ぼくは今回大西つねきさんを応援して来た。「はじめから集まるのではなくまず一旦分かれて集まったほうがいい」とか、大西つねきさんの言っていることはかなり編集的だと思う(編集は必ずわける・あつめるという順で行われる)。移民については、ぼくからすると危機感が薄いように感じられるが、つねきさんは酷い扱いを受けている外国人研修生などもふくめた外国人全般のことを言っていて、ぼくをふくめ移民を強く問題視する人は、不法移民を中心とした外国人による犯罪や背乗りや帰化といった政策移民(大量の移民によって特定の国や地域を実質的に支配するという国家戦略)や外国人によって日本の土地や資源が買い叩かれていることに注目している。意見が食い違っているという時は、互いに知らない情報があったり、上記のように話しているときの背景が違っていたりするので、これからは情報を出し合って擦り合わせていくという作業が、社会全体のいたるところで必要になってくるのだろう。
今回無所属連合は政党としては負けてしまったが、ぼくは今国会の中にいる人、あるいは今回の選挙で国政に参加することになった人々が、もしこれから自分の党が嫌になったら、離党して、つねきさんたちに相談するかなんかして、無所属連合になってしまえばいいのではないかと考えている。まあ無関係な人間の思いつきにすぎないが、つまり内側から無所属連合をつくってしまってはどうかと思うのだ。一部のまじめな議員たちが「いざとなったら無所属連合がある」と思えるようになることで、自分たちが本当にしたい政治、支持してくれる多くの国民のための政治ができるようになったらいいのになとぼくは思っている。
各選書のコメントを出し終えて、九州の千夜千冊が一段落した。具体的にどんな本を選び、どのようなコメントをしたのかはネタバレになるからは言えないが、ぼくたちの幕末チームは「黒幕」をテーマに全員で33冊の本を選び、ぼくはその中でも特に政治に関わる部分を担当して、キーブック1冊につらなる6冊の本を選んだ。ぜひ今の日本の政治や経済、生活、環境など、社会の様々なことに違和感を覚えるという人に読んでもらいたい。そういう人ならば、そのモヤモヤへの過去からの応答が、現在を打ちのめすようにこの7冊の中で結晶していることを感じ、そこに息づく方法の船に乗ってゆけるのではないかと思う。他にも計千冊の「世界」から、何艘もの船が出ている。

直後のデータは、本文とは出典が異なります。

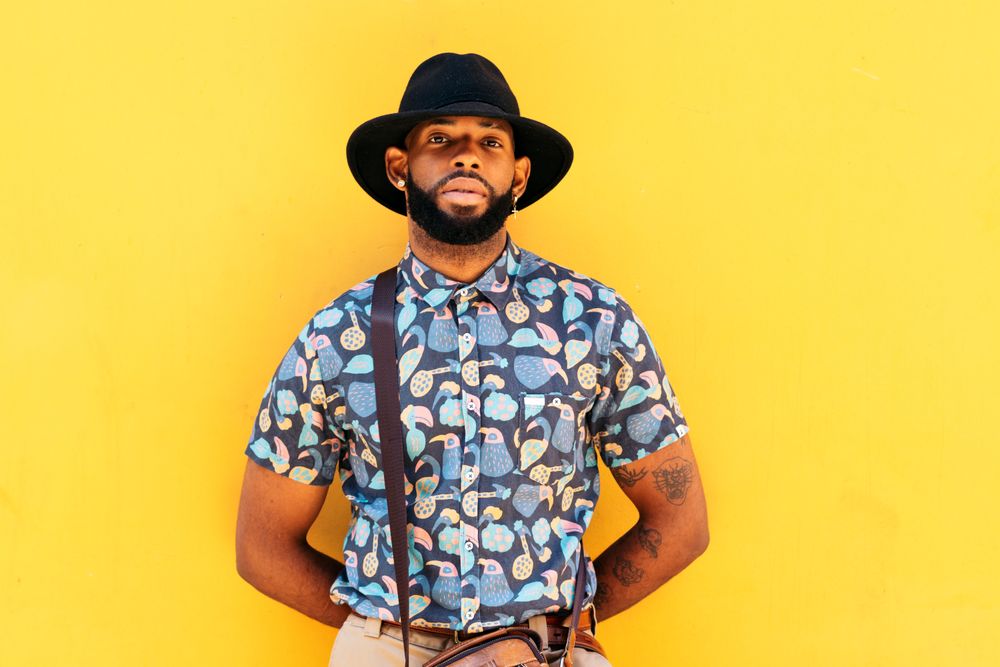 Stylish Black man outdoors over yellow background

ぼくのマンガもようやく『L』の1話目を描き上げ掲載したところだ。先月から飼い始めた子猫があっという間に大きくなり、やんちゃざかりで、突進&飛びついてきて猫パンチやら猫キックを繰り出してくるので、相手をしながら描くのはなかなか大変だった(笑)。
今夜のお話を読んでいて、ぼくは祭りとイベントの違いについて考えさせられた。イベントは行事だ。祭りのごくごく一部分にすぎないのだと思う。千夜千冊にもこうある。
アエノコトが戻ってくるには、行事の復活だけでは足りない。農協がスケジュールを決めていること、減反指令を政府が出すこと、カリフォルニア米を食べろと言うこと、こういうことがひとつひとつなくならないかぎりは元には戻らない。
先生はアエノコトのような祭りにホッとすると言っていた。ぼくも地元の今年の子ども山笠が、素朴にほどよくにぎわっていてホッとした。
祭りと暮らしは、ハレとケで分かれているようでいて地続きなのだ。政治を、政府や官僚やマスコミだけがするものにしてはいけない。だからといって単に彼らが用意したイベントに参加動員させられて、いいように騙され操られているばかりでもいけない。ぼくら自身が、それぞれの暮らしと祭りに、祀りや政(まつりごと)を取り戻さなければならないのだろう。